One approach I tried to solve this problem was to use box
and unbox
. https://stackoverflow.com/a/7339153/2314532 led me to believe that piping an array of any type through box
followed by unbox
would lead to casting that array to obj[]
. Yes, this is basically a misfeature of the .Net type system that compromises type safety (the cast that passes at compile time might fail at runtime) — but because I need to interoperate with the Node
class from PersistentVector, I don't have the benefits of type safety anyway (since Node
has used obj
instead of a discriminated union). So for this one part of my code, I actually want to tell the F# compiler "Stop protecting me here, please, I know what I'm doing and I've written extensive unit tests". But my attempt to use the box >> unbox
approach failed at runtime:
let intArray = [|1;2;3;4;5|]
let intNode = Node(intArray) // Doesn't compile: Type mismatch. Expecting obj[] but got int[]

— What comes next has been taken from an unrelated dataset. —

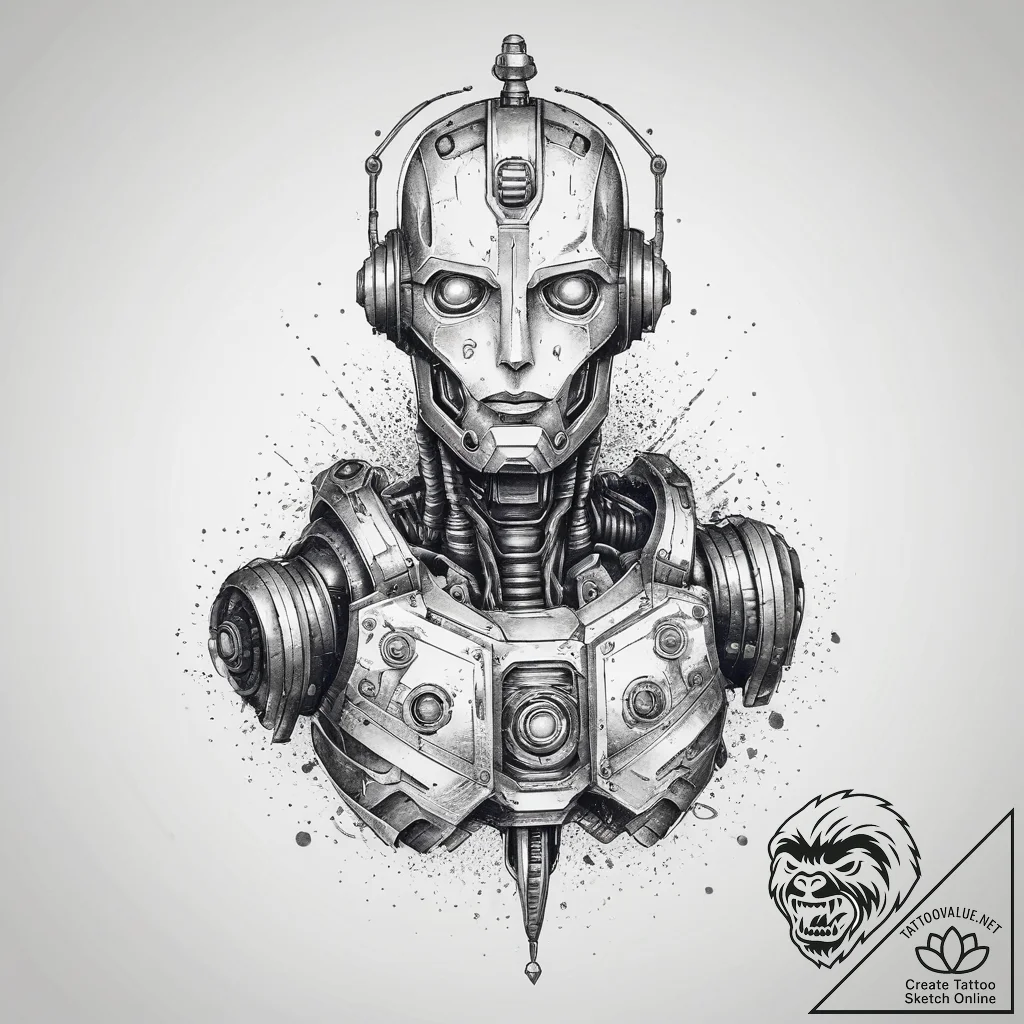 Tattoo sketch geek a sci-fi robot, tattoo fla... - tattoo sketch (№1759625920_0, 05.10.2025 00:58) — tattoovalue.net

let objArray : obj[] = intArray |> box |> unbox // Compiles, but fails at runtime: InvalidCastException
let objNode = Node(objArray)
(I made the type of objArray
explicit to make reading this minimal example as easy as possible, but I didn't need to write it: F# correctly infers its required type from the call to Node(objArray)
on the next line. The equivalent part of my actual code doesn't have explicit type annotations, but the obj[]
array type is still inferred, and it's that same int[]
to obj[]
cast, via |> box |> unbox
, that is causing the InvalidCastException
in my actual code.)
Another approach that would probably work would be to insert a call to Array.map box
into my Node
-creating pipeline:
let ofArray<'T> (arr:'T[]) =
let leaves = arr |> Array.chunkBySize 32 |> Array.map (Array.map box >> Node)
// More code here to build a tree above those leaf nodes
This does what I want (creates an array of Node
instances, which will become the leaves in the tree), but it creates an extra intermediate array in the process. I'd like to let the chunked arrays become the Node arrays directly, otherwise I'll be burning through O(N) memory and creating unnecessary GC pressure. I've thought about using Seq.cast
at some point in the pipeline, but I'm worried about the performance effects of using Seq.cast
. Turning arrays of known size (here, 32) into seqs means that other code, which needs arrays (to create Node
instances), would have to call Array.ofSeq
first, and Array.ofSeq
is implemented with ResizeArray
since it can't count on the size of the seqs in the general case. There's an optimization for seqs that are already arrays, but even that version of Array.ofSeq
creates a new array as its return value (which is precisely the correct behavior for the general case, but precisely what I'm trying to avoid here).
Is there any way for me to cast my 'T[]
arrays to obj[]
, deliberately forfeiting type safety, without creating the intermediate arrays that I've been trying so hard to avoid? Or am I going to have to write this one bit of code in C# so that I can do the unsafe things that the F# compiler is trying to protect me from?